Would You Like Your Calls Forwarded to the Under-The-Desk Line, Mr. Moritz?
Sequoia Capital partner Michael Moritz once argued that “the best time to invest is when people are cowering under their desks.” A pithy little adage, and one that was understood to be emblematic of the healthy optimism and patient money of the venture capital industry and its indefatigable all-trees-grow-to-heaven worldview.
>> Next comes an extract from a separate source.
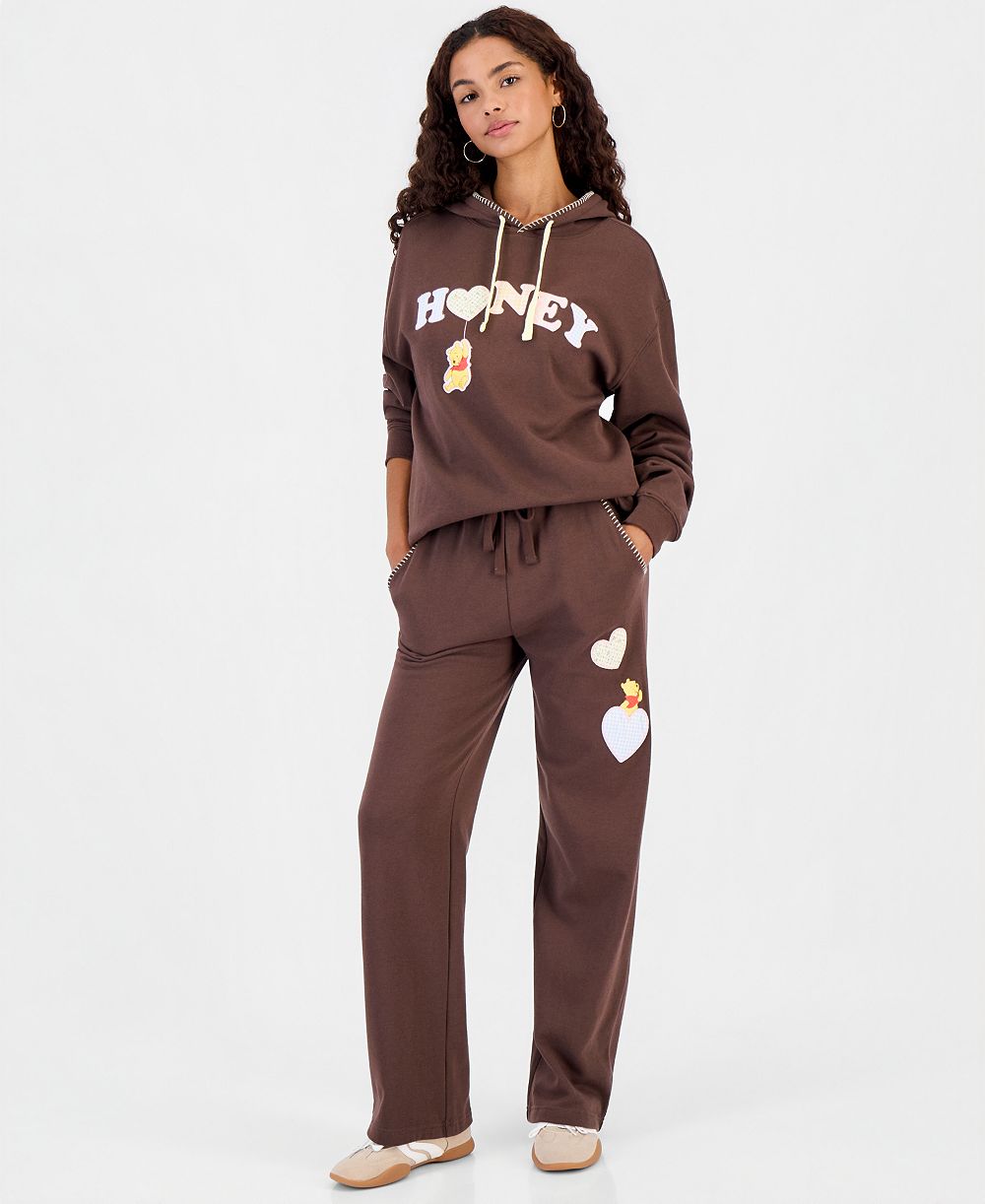 Disney Juniors' Pooh Honey Drawstring Wide-Leg Sweatpants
It loses a bit of its luster, though, when that healthy optimism and patient money are themselves cowering under the desk. And make no mistake, they are cowering under the desk. VC confidence at its lowest point in the five years after its sixth consecutive quarterly decline, according to the Silicon Valley Venture Capitalist Confidence Index. Sequoia recently called an emergency meeting of its portfolio companies to warn them of what one partner said could be at least a 15-year downward cycle (seriously?). Michael Moritz is out telling the Financial Times that “many of start-ups that emerged in the recent start-up boom will end up ‘spattered on windshields and radiator grills and be forgotten.’” Just one venture-backed company, Rackspace Hosting, has gone public in the past nine months. And now the National Venture Capital Association’s annual survey forecasts a 10 percent decline in venture investment for 2009. Of the 400 venture capitalists surveyed by the NVCA…
- 92 percent said they expect a slowdown in investing in 2009
- 62 percent said they expect investment will decline more than 10 percent and fall below $27 billion in 2009
- 60 percent said they expect a decline in seed investment and 64 percent said they expect a decline in early stage investments
- 96 percent of venture capitalist said VC firms will not be able to raise money for investment in 2009
“2009 will be a year of anticipation for the venture capital industry as the economic turmoil will engender a fair amount of Darwinian change,” NVCA President Mark Heesen said in a statement. “The recession and shuttered IPO market will place tremendous pressure on portfolio companies to tighten their belts and re-tool where necessary. We will likely see a marked slowdown of new investments as venture capitalists turn their attention to supporting these existing companies.”